[Captioned web image data]
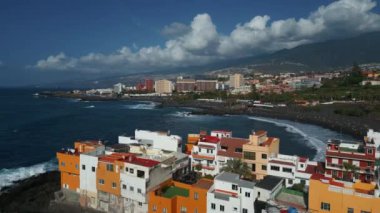 Punta Brava, Tenerife, Kanarya adası, hava manzaralı küçük bir kasabadaki mavi su okyanusu kıyısı. Yüksek kalite 4k görüntü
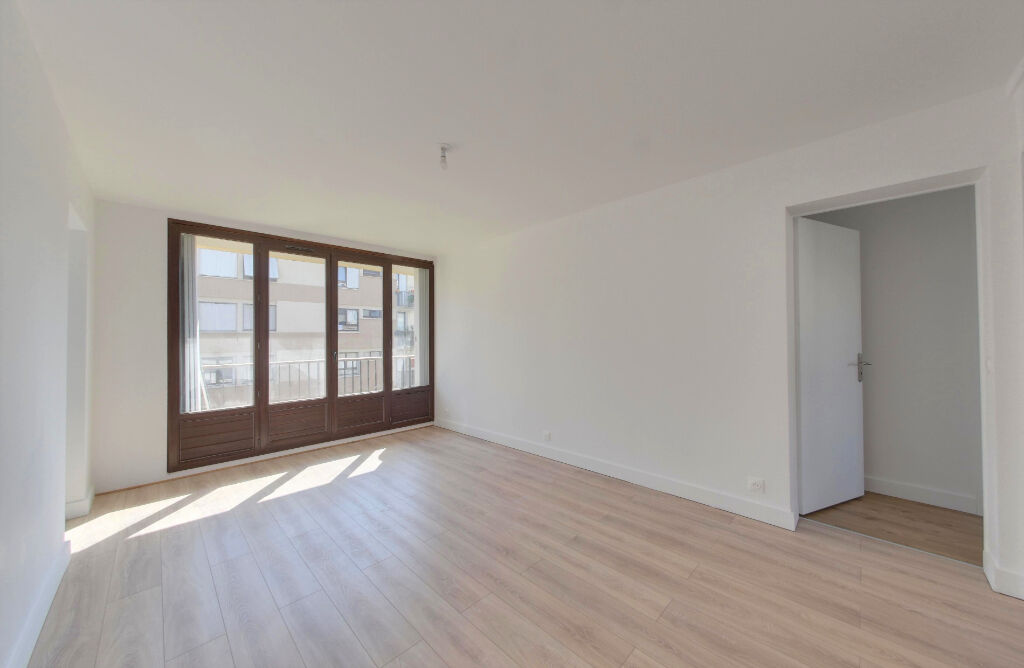 Le Plessis-Robinson (92) 1 390 € / mois cc Appartement 4 pièces , 3 chambres 66.69 m² Avec balcongarage/box Voir le bien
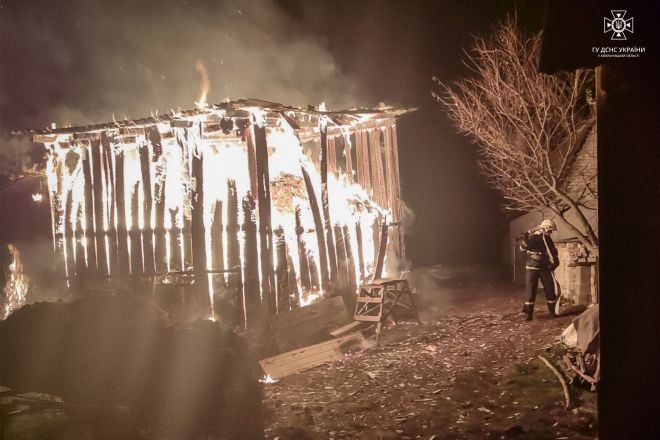 Ліквідовували масштабну пожежу сінника та деблокували травмованого у ДТП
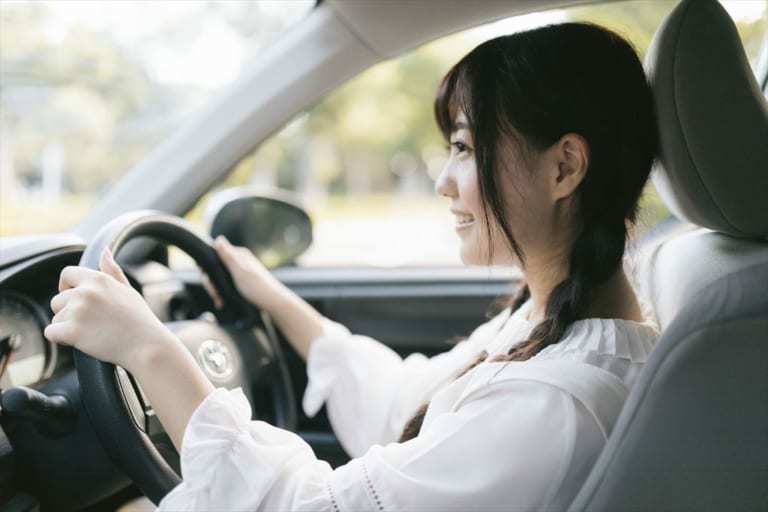 車間距離の詰め過ぎは違反だけど空け過ぎは問題ない？ 車間距離の考え方について考察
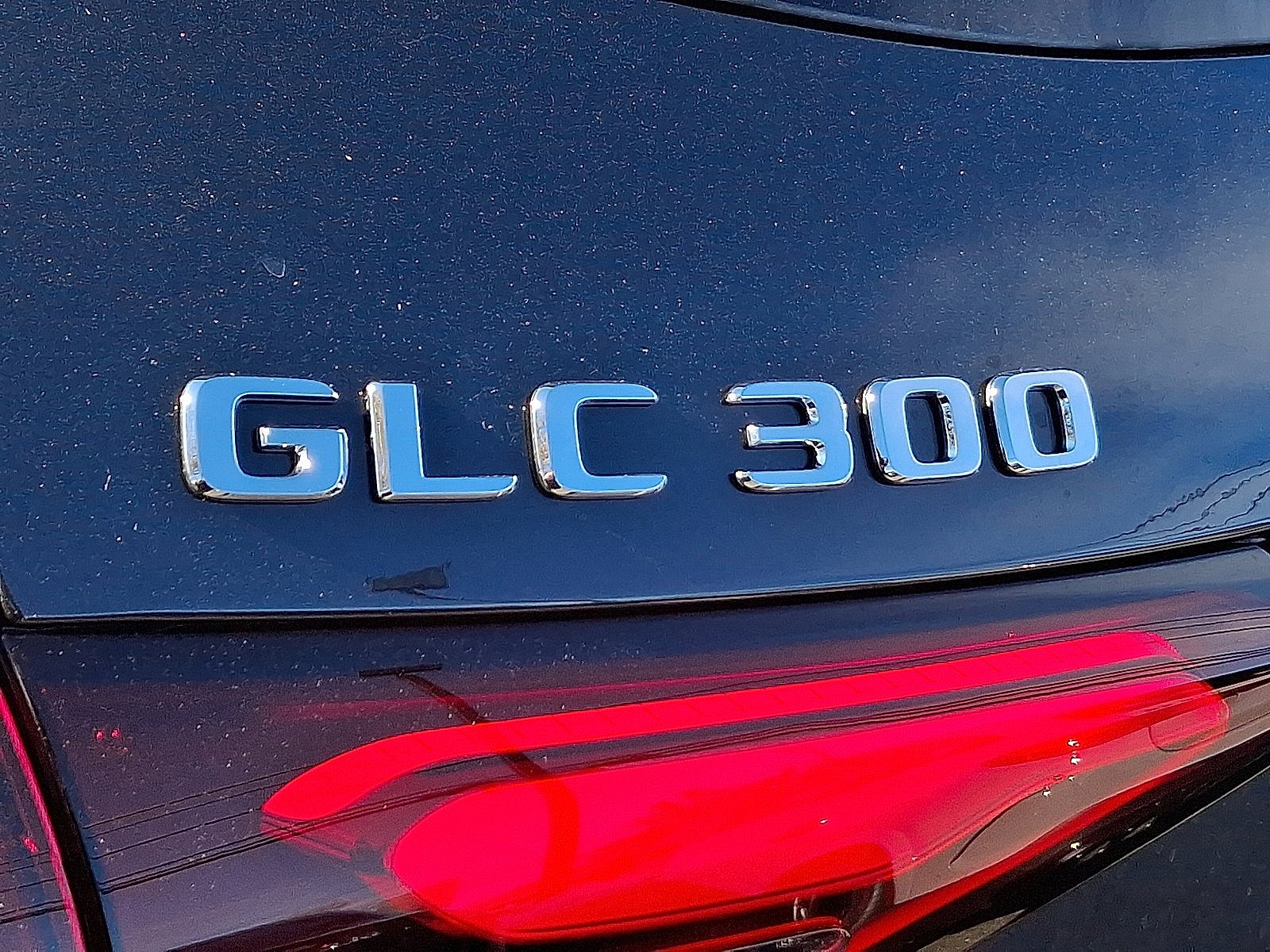 Used 2026 Graphite Grey Metallic Mercedes-Benz GLC 300 image 15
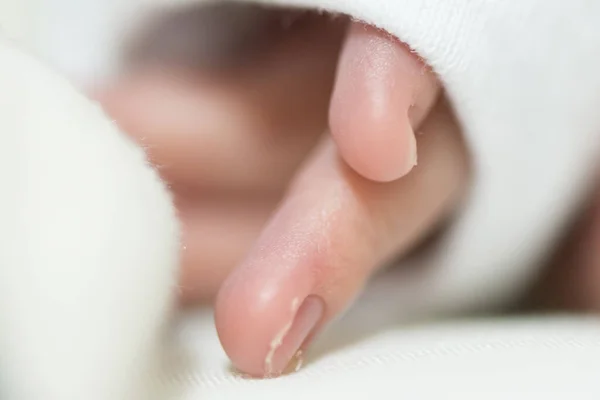 Macro Shot Newborn Baby Hand White Cloth — Stock Photo, Image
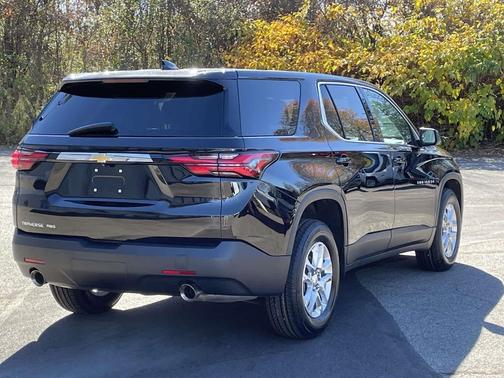 2023 Chevrolet Traverse LS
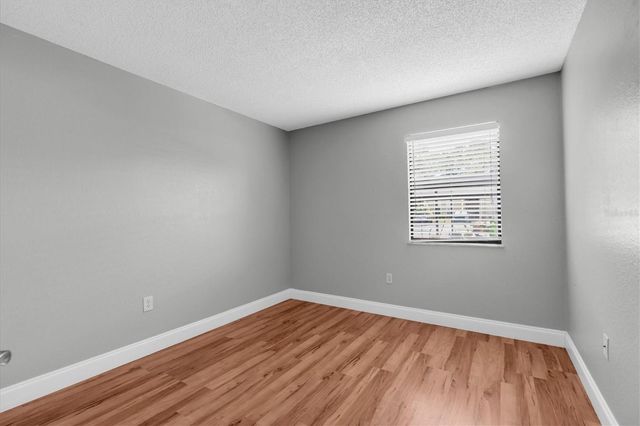 10103 SAILWINDS BOULEVARD N 105, Largo, FL 33773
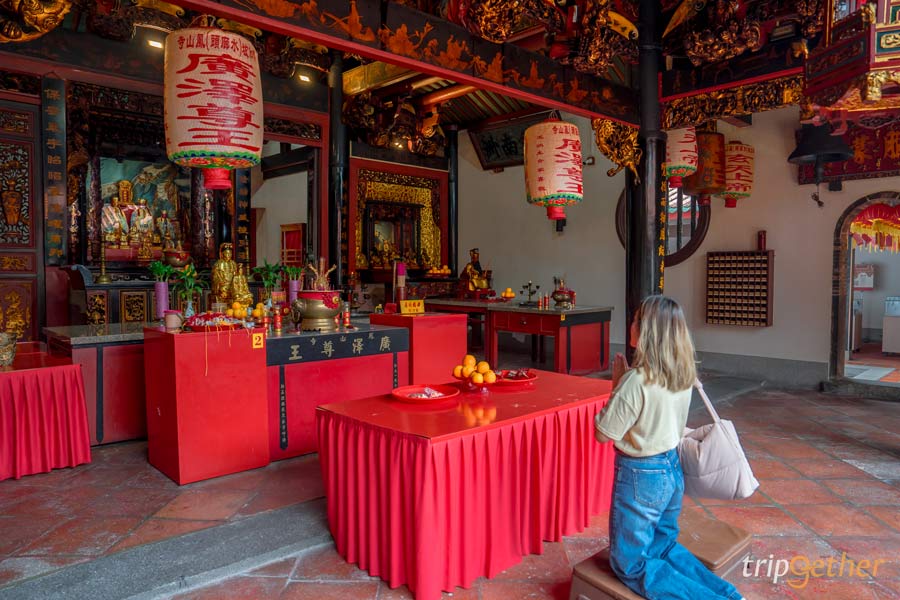 Hong San See Temple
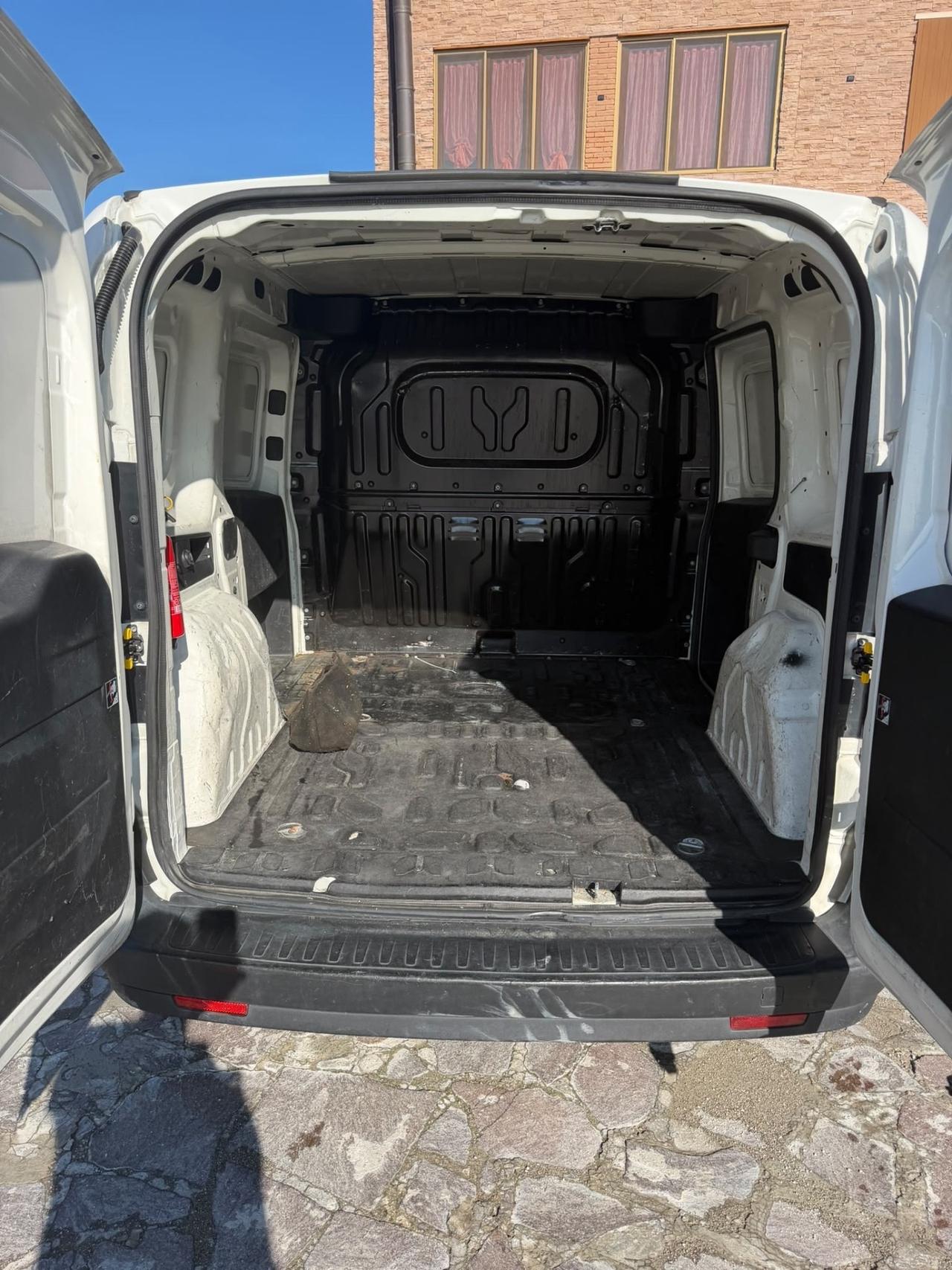 Fiat Doblo 1.6 MJT 105CV PC-TN Cargo Lamierato SX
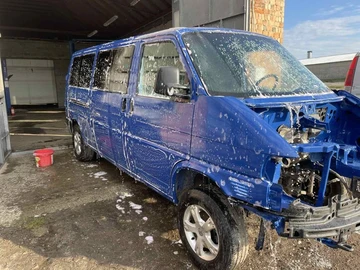 Авто Volkswagen Caravelle 2000 № 8148932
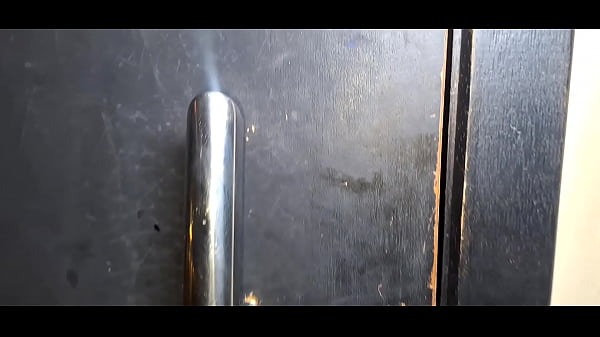 Festa de carnaval, homens transando cheios de tesão e muito leite .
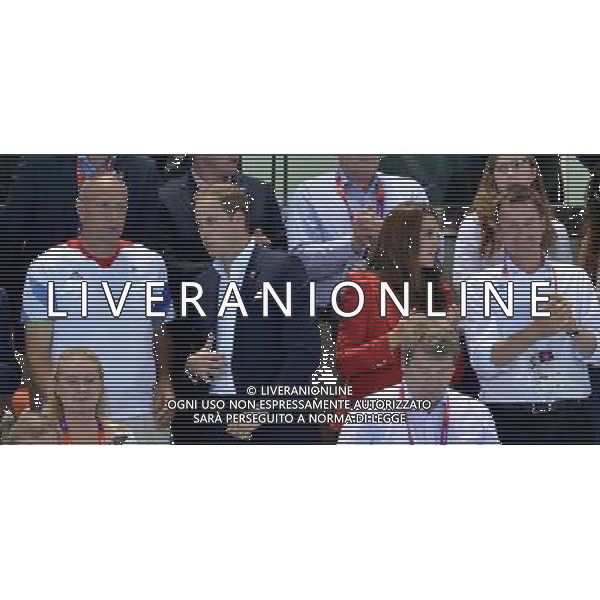 (120803) -- LONDON, Aug. 3, 2012 () -- British Prince William and Catherine, Duchess of Cambridge, watch swimming competition at London 2012 Olympic Games in London, Britain, August 3, 2012. (/Liu Dawei) (zgp) ©PHOTOSHOT/Agenzia Aldo Liverani Sas - ITALY ONLY - GIOCHI OLIMPICI, OLIMPIADI LONDRA 2012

[Directions] What is needed is an exact transcription of the lines from the one holding "Fiat Doblo 1.6" to the end of the data, with every picture left out.

[Response below]
 Fiat Doblo 1.6 MJT 105CV PC-TN Cargo Lamierato SX
 Авто Volkswagen Caravelle 2000 № 8148932
 Festa de carnaval, homens transando cheios de tesão e muito leite .
 (120803) -- LONDON, Aug. 3, 2012 () -- British Prince William and Catherine, Duchess of Cambridge, watch swimming competition at London 2012 Olympic Games in London, Britain, August 3, 2012. (/Liu Dawei) (zgp) ©PHOTOSHOT/Agenzia Aldo Liverani Sas - ITALY ONLY - GIOCHI OLIMPICI, OLIMPIADI LONDRA 2012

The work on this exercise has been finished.